Dead Water Zone - Kenneth Oppel [43]
Paul thought there was a pleading quality in his voice, but he tried to block it out, wishing he felt nothing.
“There’re some things I need to tell you,” said Sam, again almost confidingly. “I want you to understand why I’m doing this.”
“You hated your body; you always did.”
“But you never truly knew what it was like. You probably think the worst thing was the humiliation of getting bullied, my helplessness, my hatred of the Randy Smiths of this world. But the worst of it was the guilt.”
Paul stared in astonishment.
“The guilt of needing to be protected, needing to be taken care of, needing special attention, needing pills—always, always needing!

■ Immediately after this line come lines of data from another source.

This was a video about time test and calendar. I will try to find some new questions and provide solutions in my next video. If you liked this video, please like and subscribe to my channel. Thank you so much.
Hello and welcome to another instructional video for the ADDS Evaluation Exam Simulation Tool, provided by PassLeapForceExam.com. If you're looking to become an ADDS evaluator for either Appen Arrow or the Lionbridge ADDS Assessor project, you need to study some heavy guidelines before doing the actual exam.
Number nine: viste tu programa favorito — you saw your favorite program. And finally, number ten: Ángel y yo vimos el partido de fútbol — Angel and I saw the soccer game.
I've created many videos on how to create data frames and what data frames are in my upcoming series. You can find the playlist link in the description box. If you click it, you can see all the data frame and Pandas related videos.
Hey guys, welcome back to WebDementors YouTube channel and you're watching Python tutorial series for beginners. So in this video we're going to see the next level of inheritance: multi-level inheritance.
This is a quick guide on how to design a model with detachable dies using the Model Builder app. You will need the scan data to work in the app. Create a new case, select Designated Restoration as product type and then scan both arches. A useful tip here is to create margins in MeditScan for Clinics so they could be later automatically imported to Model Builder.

But worst of all, the guilt that I’d failed myself. Every time I went to the doctor’s, they weighed me. It seems like such a simple thing, doesn’t it? But I was sweating when I stepped onto that scale. They’d adjust the weights, starting high, and work down, down, down. The numbers were the same almost every time, maybe a few pounds lighter, but never heavier. I felt responsible: it was my fault. Somehow, there was something I wasn’t doing right! And the nurses and doctors would look at me, look at the weight on the scales, then write the number in my file: silent, invisible blame.”
“It’s just not true. How could it be your fault? It’s nobody’s fault.”

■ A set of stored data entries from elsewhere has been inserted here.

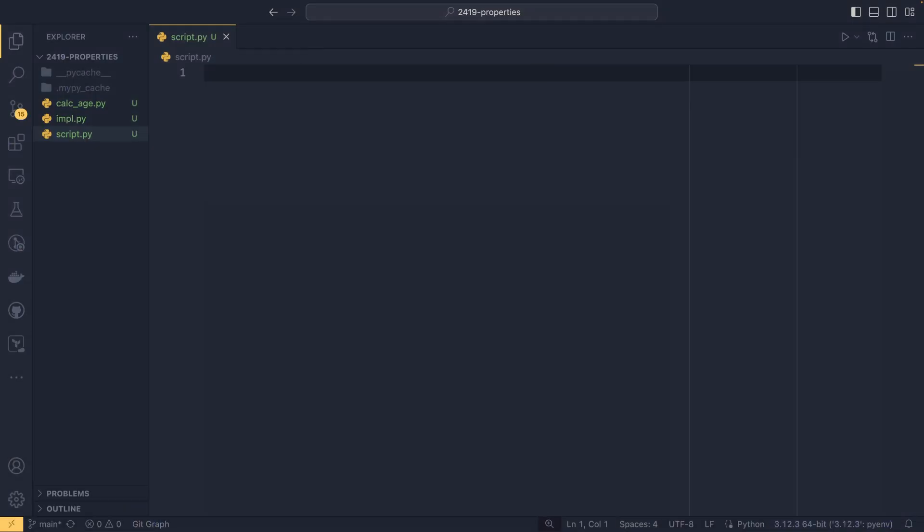There are a few different use cases for properties and I'm going to show you the two most common today. So the first is managing private attributes, similarly to how you would do in maybe C or C sharp, where you'd have a private attribute and then you would have a getter and a setter method to then actually fetch or set the value. We could just do that in properties in Python. So we can do class, say profile.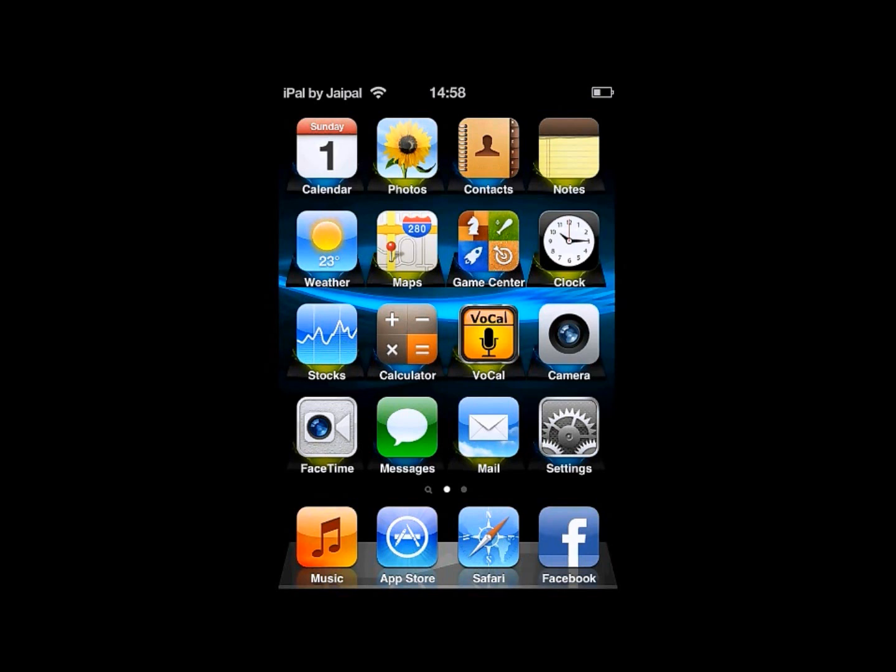Welcome to iHacks. Today I will be showing you how to get iFile, a file explorer, free for your jailbroken iDevice.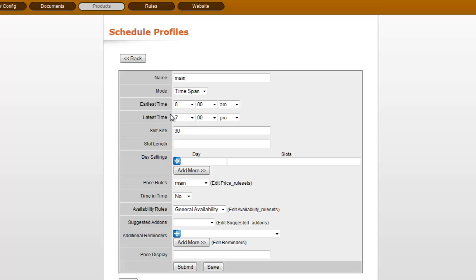If we want to change a certain category or individual items to be available at different times, we can just assign a different schedule profile to them. And once again, slot length and size are for the fixed fields, so we'll cover that in a different area.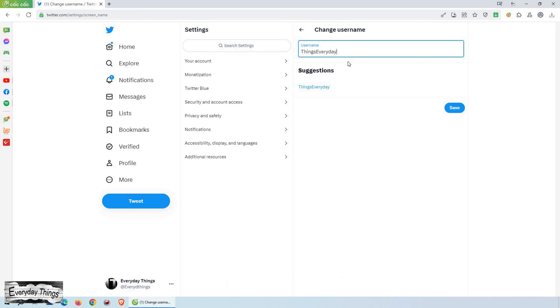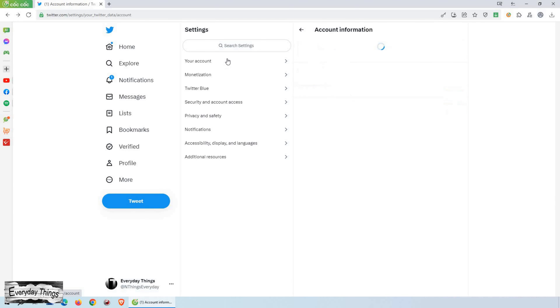Once you're satisfied with your new handle, click Save to apply the changes. And that's it! You successfully changed your Twitter handle.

“Ah, but it doesn’t work that way, does it? You blamed me, too, Paul.”
Paul was about to protest, but he faltered, remembering his reaction when Sam told him he wasn’t going to live a full life. He’d felt pity, grief, but revulsion, too—a drawing away, an angry pointing of the finger. This is your fault.

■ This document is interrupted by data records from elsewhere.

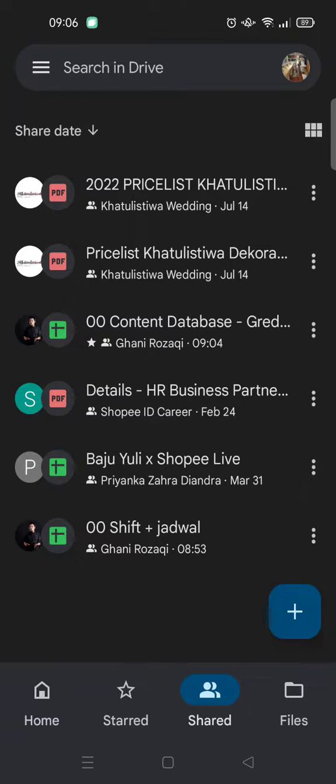That is how you can access a file that is sent by others to your Google Drive. I hope this video is helpful to you. If you like the video, please don't forget to click the thumbs up, leave a comment, and also subscribe to our channel. See you in the next tutorial, bye!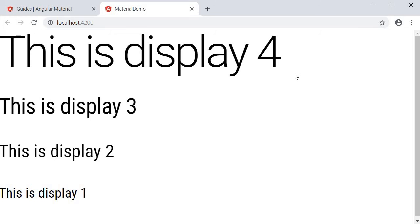Display 4 has the largest size and the size decreases as we move towards display 1. When you have to really capture the user's attention, this is probably the way to go.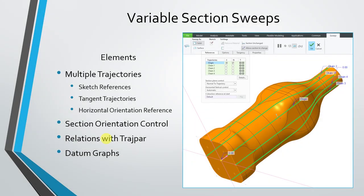In variable section sweeps, you can write relations in the sketch using the special trajectory parameter, Trajpar.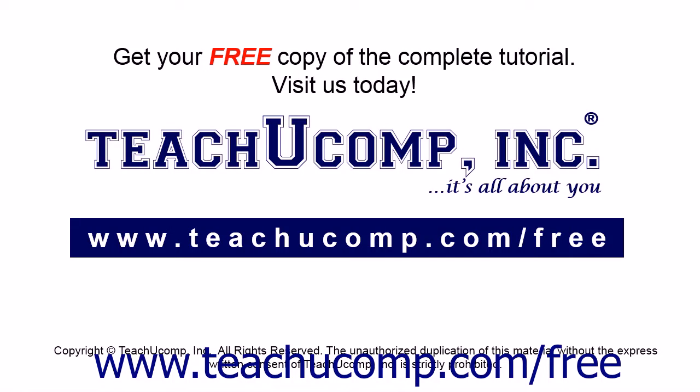Get your free copy of the complete tutorial at www.teachucomp.com/free.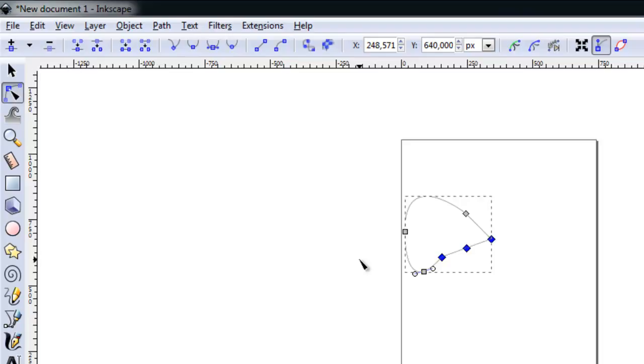We can also remove a node by selecting the node to be removed and choose the option to remove the node.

“And Mom and Dad weren’t any different,” Sam went on. “They wanted me to get better—I really do believe that. They took me to the best doctors they knew, spent hours with me in hospitals. But I wasn’t performing—that’s the way they thought of it. I could see it in their silences, the way I caught them looking at me sometimes. They were putting x into me, but I wasn’t putting y out—like some math equation! When it came right down to it, I was an embarrassment, their failure. They were glad when I left for college. It was a big sigh of relief for them.”
Sam paused, wiping a hand across his mouth. Paul realized with a start that he felt strangely happy; there was something connecting them again. Sam needed him—even if it was just as an audience.
“With the refined water,” Sam said, “I’ll finally be able to heal myself. On the diskette, I said I was hyperaware of my body’s structure. Now I can start to focus on specific groups of cells. Soon I’ll be able to control them individually. Didn’t you ever find it incredible that millions of things go on in your body without you even knowing? Only the body knows how to do these things. But now I’m linked up. I’ll witness all the subatomic secrets scientists and doctors have been theorizing about for decades. I’ll be able to repair all the damage that was done to me before I was even born!”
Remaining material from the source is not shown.